Operating

Op deze pagina een lijst van populaire frequenties die voor bepaalde experimenten gebruikt worden. Deze frequenties passen in de bandplannen maar worden daar niet specifiek genoemd omdat deze techniek gedreven zijn voor een specifiek experiment. Deze experimenten zijn meestal tijdelijk.

Bandplannen zijn zo mogelijk generiek en techniek neutraal opgesteld. Er wordt voor een frequenetiegebied een maximale bandbreedte opgegeven. Hier staan de bandplannen die binnen de IARU-R1 zijn afgesproken.

De digitale smalband modes zijn de laatste jaren erg populair en iedere mode heeft zijn eigen frequentie. Digitale smalband modes worden ook aangeduid met de afkorting MGM. MGM = Machine Generated Modes.

 

50 MHz

In het IARU-R1 bandplan is 50,300 – 50,400 MHz aangewezen voor smalband MGM experimenten met een maximale bandbreedte van 2700 Hz. Legacy usage van MGM beneden 50,300 MHz is toegestaan, maar indien mogelijk moet dit volgens het IARU R1  bandplan plaatsvinden tussen 50,300 – 50,400 MHz.

50,230 JT6M. Een ‘oude’ digitale mode met 30s sequence.

50,280 MSK144. Hier wordt voornamelijk een 15 seconde sequence gebruikt.

50,313 FT8

50,323 FT8 intercontinental contacts. Zie ook de webpagina van de UKSMG over dit onderwerp.

51,700 DATV max BW 500 kHz.

 

70 MHz

In het IARU-R1 bandplan is 70,100 – 70,250 MHz aangewezen voor CW/SSB/MGM experimenten met een maximale bandbreedte van 2700 Hz.

70,154 FT8. Nederlandse stations roepen CQ in de 2e sequentie.

70,174 MSK144 MS. Op 4m wordt meestal de 15s sequence gebruikt.

70,200 SSB/CW centrum activiteit

144 MHz

Het IARU-R1 bandplan geeft aan dat 144,100 – 144,150 MHz gereserveerd is voor CW/MGM moonbounce experimenten met een maximale bandbreedte van 500 Hz. De meeste gebruikte digitale mode is daar JT65b of Q65A, beiden met 60 seconde sequence.

Het banddeel 144,150 – 144,400 MHz is volledig gereserveerd voor SSB/CW/MGM experimenten met een maximale bandbreedte van 2700 Hz.

144,170 JT65b Terrestrial.

144.164 Deze frequentie wordt incidenteel ook voor FT8 gebruikt wanneer het te druk is op 144.174 MHz

144,174 FT8. Nederlandse stations roepen CQ in de 2e sequentie.

144,178 FT8 alternatieve frequentie.

144.180 Q65 voor aardse verbindingen. Meestal wordt Q65b met een 15 seconden sequence gebruikt.

144,300 SSB Centrum van activiteit

Het gehele frequentiegebied 144.340 tot 144.400 MHz wordt voor meteorscatter verbindingen gebruikt.
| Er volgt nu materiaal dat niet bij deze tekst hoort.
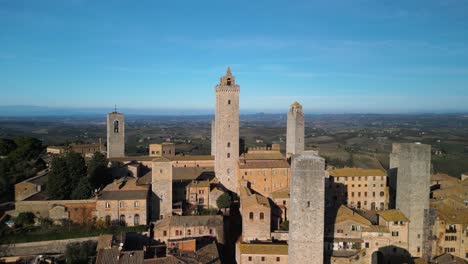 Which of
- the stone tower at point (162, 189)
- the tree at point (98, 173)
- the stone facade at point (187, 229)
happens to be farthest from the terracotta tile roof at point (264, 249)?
the tree at point (98, 173)

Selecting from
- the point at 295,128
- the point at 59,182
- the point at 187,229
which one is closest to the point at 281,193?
the point at 187,229

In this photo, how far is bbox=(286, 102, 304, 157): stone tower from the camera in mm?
40469

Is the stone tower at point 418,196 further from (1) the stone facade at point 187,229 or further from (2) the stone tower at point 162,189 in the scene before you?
(2) the stone tower at point 162,189

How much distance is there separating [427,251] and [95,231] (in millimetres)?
22507

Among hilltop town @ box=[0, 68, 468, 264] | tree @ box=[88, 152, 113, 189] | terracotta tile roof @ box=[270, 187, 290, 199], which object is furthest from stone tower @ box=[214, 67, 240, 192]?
tree @ box=[88, 152, 113, 189]

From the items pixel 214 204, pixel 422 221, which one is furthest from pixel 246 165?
pixel 422 221

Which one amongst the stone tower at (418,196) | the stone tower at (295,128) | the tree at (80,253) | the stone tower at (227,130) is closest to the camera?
the tree at (80,253)

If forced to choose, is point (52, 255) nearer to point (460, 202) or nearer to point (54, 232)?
point (54, 232)

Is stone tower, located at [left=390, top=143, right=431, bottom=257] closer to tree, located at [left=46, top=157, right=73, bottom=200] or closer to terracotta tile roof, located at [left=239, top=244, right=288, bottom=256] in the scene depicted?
terracotta tile roof, located at [left=239, top=244, right=288, bottom=256]

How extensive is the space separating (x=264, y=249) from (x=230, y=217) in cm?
696

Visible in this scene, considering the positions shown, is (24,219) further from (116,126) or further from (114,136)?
(116,126)

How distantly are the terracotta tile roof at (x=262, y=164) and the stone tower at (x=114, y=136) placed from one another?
53.3 feet

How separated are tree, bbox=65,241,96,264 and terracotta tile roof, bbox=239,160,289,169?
14364 millimetres

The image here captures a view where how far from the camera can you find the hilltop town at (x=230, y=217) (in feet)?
74.3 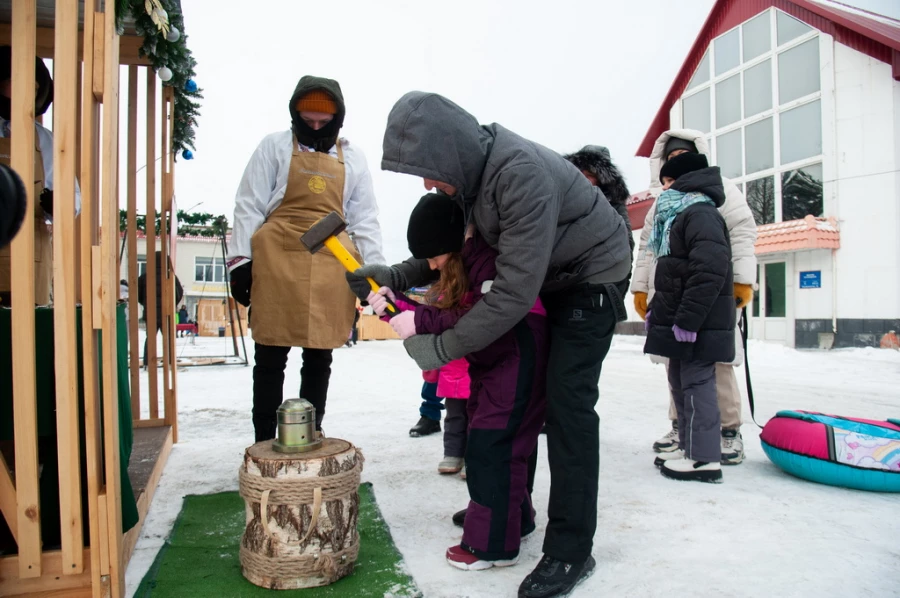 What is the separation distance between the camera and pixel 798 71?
14.0m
Hier vinden sked plaats of als QSY frequentie na een oproep op 144.360 en 144.370 MHz. De QSY procedure staat beschreven in het VERON Vademecum.

144,360 MSK144. Gebruik alleen 30 seconden sequence. Nederlandse stations roepen CQ in de 2e sequentie.

144,370 FSK441. Gebruik alleen 30 seconden sequence. Nederlandse stations roepen CQ in de 2e sequentie.

432 MHz

Het IARU-R1 bandplan geeft aan dat 432,000 – 432,100 MHz is gereserveerd voor MGM/CW experimenten met een maximale bandbreedte van 500 Hz.  432,100 – 432,400 MHz is gereserveerd voor SSB/CW/MGM experimenten met een maximale bandbreedte van 2700 Hz.

432,174 FT8

432.180 Q65

432,200 SSB centre of activity

432,370 Digital Meteor scatter en tevens Meteor Scatter centre of activity. Hier wordt nog regelmatig FSK441 gebruikt.  Soms MSK144.

435 – 436 Satelliet Transponders

436 – 438 Gereserveerd voor breedband experimenten zoals DATV. Banddeel wordt gedeeld met satelliet activiteiten

439,9875 POCSAG PAGING. In europa de meest gebruikte frequentie voor POCSAG pager experimenten.

1296 MHz

1296.174 FT8 of FT4. FT8 blijkt niet altijd de juiste mode omdat de fsk tonen te dicht bij elkaar liggen. Er zijn op 23cm betere resultaten met FT4 door de grotere tone spacing.

1296.180 Q65 voor aardse verbindingen. Meestal de submode Q65b met 15s sequence.

2320 MHz

2320.174 FT8

2320.180 Q65 voor aardse verbindingen. Meestal de submode Q65b met 15s sequence.